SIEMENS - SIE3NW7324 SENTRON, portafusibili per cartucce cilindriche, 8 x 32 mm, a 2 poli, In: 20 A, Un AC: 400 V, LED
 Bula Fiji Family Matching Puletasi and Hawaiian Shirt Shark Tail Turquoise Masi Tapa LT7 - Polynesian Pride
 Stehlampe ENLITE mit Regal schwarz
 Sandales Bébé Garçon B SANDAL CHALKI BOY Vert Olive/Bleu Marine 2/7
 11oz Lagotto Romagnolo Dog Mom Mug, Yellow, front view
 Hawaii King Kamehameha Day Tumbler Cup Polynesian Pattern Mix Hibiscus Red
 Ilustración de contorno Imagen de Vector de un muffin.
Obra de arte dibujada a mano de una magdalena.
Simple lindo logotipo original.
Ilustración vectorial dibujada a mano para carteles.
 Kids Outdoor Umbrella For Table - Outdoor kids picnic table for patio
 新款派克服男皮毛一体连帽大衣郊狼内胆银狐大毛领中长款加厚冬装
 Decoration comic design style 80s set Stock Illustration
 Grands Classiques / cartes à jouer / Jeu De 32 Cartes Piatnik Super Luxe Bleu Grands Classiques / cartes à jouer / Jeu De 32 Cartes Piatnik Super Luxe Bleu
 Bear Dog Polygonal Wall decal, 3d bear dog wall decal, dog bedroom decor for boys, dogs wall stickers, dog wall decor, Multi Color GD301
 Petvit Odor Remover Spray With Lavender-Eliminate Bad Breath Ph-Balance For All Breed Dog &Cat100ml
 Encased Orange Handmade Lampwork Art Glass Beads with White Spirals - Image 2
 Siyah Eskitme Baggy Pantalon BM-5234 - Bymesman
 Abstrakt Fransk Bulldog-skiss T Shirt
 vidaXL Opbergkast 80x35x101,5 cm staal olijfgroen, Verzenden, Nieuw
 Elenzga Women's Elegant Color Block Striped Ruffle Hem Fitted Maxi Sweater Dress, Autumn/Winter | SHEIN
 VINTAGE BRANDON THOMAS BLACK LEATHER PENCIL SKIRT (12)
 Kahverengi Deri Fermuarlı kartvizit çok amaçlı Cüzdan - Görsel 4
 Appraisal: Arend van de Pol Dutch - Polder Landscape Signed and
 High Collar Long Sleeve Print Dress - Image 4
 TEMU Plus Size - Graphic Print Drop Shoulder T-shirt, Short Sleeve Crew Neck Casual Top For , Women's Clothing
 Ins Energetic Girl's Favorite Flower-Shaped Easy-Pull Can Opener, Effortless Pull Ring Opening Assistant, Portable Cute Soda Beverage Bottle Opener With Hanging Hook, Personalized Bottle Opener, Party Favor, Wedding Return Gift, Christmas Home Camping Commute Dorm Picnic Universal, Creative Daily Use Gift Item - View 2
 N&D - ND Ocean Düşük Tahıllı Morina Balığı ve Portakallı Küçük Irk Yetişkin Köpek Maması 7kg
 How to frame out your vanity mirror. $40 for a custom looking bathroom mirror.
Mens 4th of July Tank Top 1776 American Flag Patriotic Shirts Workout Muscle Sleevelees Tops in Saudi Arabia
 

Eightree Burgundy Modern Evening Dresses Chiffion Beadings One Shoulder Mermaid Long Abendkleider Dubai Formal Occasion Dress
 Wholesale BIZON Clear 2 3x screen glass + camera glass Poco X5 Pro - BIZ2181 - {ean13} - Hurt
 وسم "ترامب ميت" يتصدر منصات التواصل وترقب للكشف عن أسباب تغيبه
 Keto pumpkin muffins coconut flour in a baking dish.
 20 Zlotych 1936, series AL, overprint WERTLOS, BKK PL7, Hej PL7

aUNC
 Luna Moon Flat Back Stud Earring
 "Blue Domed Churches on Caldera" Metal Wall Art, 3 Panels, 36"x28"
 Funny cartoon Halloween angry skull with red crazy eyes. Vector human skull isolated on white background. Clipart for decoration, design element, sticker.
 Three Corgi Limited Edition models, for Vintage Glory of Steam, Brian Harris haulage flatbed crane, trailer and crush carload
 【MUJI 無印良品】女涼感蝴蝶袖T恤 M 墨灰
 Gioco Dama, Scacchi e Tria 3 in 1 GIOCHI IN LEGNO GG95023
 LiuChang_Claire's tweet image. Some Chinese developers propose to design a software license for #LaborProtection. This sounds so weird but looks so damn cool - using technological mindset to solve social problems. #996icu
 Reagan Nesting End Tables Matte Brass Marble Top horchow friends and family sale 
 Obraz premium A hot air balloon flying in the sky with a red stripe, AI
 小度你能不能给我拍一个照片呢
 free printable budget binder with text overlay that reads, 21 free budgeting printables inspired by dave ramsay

|---|

• To do: Nothing in the data above should change. Please copy it all.

• Result for this exercise:
SIEMENS - SIE3NW7324 SENTRON, portafusibili per cartucce cilindriche, 8 x 32 mm, a 2 poli, In: 20 A, Un AC: 400 V, LED
 Bula Fiji Family Matching Puletasi and Hawaiian Shirt Shark Tail Turquoise Masi Tapa LT7 - Polynesian Pride
 Stehlampe ENLITE mit Regal schwarz
 Sandales Bébé Garçon B SANDAL CHALKI BOY Vert Olive/Bleu Marine 2/7
 11oz Lagotto Romagnolo Dog Mom Mug, Yellow, front view
 Hawaii King Kamehameha Day Tumbler Cup Polynesian Pattern Mix Hibiscus Red
 Ilustración de contorno Imagen de Vector de un muffin.
Obra de arte dibujada a mano de una magdalena.
Simple lindo logotipo original.
Ilustración vectorial dibujada a mano para carteles.
 Kids Outdoor Umbrella For Table - Outdoor kids picnic table for patio
 新款派克服男皮毛一体连帽大衣郊狼内胆银狐大毛领中长款加厚冬装
 Decoration comic design style 80s set Stock Illustration
 Grands Classiques / cartes à jouer / Jeu De 32 Cartes Piatnik Super Luxe Bleu Grands Classiques / cartes à jouer / Jeu De 32 Cartes Piatnik Super Luxe Bleu
 Bear Dog Polygonal Wall decal, 3d bear dog wall decal, dog bedroom decor for boys, dogs wall stickers, dog wall decor, Multi Color GD301
 Petvit Odor Remover Spray With Lavender-Eliminate Bad Breath Ph-Balance For All Breed Dog &Cat100ml
 Encased Orange Handmade Lampwork Art Glass Beads with White Spirals - Image 2
 Siyah Eskitme Baggy Pantalon BM-5234 - Bymesman
 Abstrakt Fransk Bulldog-skiss T Shirt
 vidaXL Opbergkast 80x35x101,5 cm staal olijfgroen, Verzenden, Nieuw
 Elenzga Women's Elegant Color Block Striped Ruffle Hem Fitted Maxi Sweater Dress, Autumn/Winter | SHEIN
 VINTAGE BRANDON THOMAS BLACK LEATHER PENCIL SKIRT (12)
 Kahverengi Deri Fermuarlı kartvizit çok amaçlı Cüzdan - Görsel 4
 Appraisal: Arend van de Pol Dutch - Polder Landscape Signed and
 High Collar Long Sleeve Print Dress - Image 4
 TEMU Plus Size - Graphic Print Drop Shoulder T-shirt, Short Sleeve Crew Neck Casual Top For , Women's Clothing
 Ins Energetic Girl's Favorite Flower-Shaped Easy-Pull Can Opener, Effortless Pull Ring Opening Assistant, Portable Cute Soda Beverage Bottle Opener With Hanging Hook, Personalized Bottle Opener, Party Favor, Wedding Return Gift, Christmas Home Camping Commute Dorm Picnic Universal, Creative Daily Use Gift Item - View 2
 N&D - ND Ocean Düşük Tahıllı Morina Balığı ve Portakallı Küçük Irk Yetişkin Köpek Maması 7kg
 How to frame out your vanity mirror. $40 for a custom looking bathroom mirror.
Mens 4th of July Tank Top 1776 American Flag Patriotic Shirts Workout Muscle Sleevelees Tops in Saudi Arabia
 

Eightree Burgundy Modern Evening Dresses Chiffion Beadings One Shoulder Mermaid Long Abendkleider Dubai Formal Occasion Dress
 Wholesale BIZON Clear 2 3x screen glass + camera glass Poco X5 Pro - BIZ2181 - {ean13} - Hurt
 وسم "ترامب ميت" يتصدر منصات التواصل وترقب للكشف عن أسباب تغيبه
 Keto pumpkin muffins coconut flour in a baking dish.
 20 Zlotych 1936, series AL, overprint WERTLOS, BKK PL7, Hej PL7

aUNC
 Luna Moon Flat Back Stud Earring
 "Blue Domed Churches on Caldera" Metal Wall Art, 3 Panels, 36"x28"
 Funny cartoon Halloween angry skull with red crazy eyes. Vector human skull isolated on white background. Clipart for decoration, design element, sticker.
 Three Corgi Limited Edition models, for Vintage Glory of Steam, Brian Harris haulage flatbed crane, trailer and crush carload
 【MUJI 無印良品】女涼感蝴蝶袖T恤 M 墨灰
 Gioco Dama, Scacchi e Tria 3 in 1 GIOCHI IN LEGNO GG95023
 LiuChang_Claire's tweet image. Some Chinese developers propose to design a software license for #LaborProtection. This sounds so weird but looks so damn cool - using technological mindset to solve social problems. #996icu
 Reagan Nesting End Tables Matte Brass Marble Top horchow friends and family sale 
 Obraz premium A hot air balloon flying in the sky with a red stripe, AI
 小度你能不能给我拍一个照片呢
 free printable budget binder with text overlay that reads, 21 free budgeting printables inspired by dave ramsay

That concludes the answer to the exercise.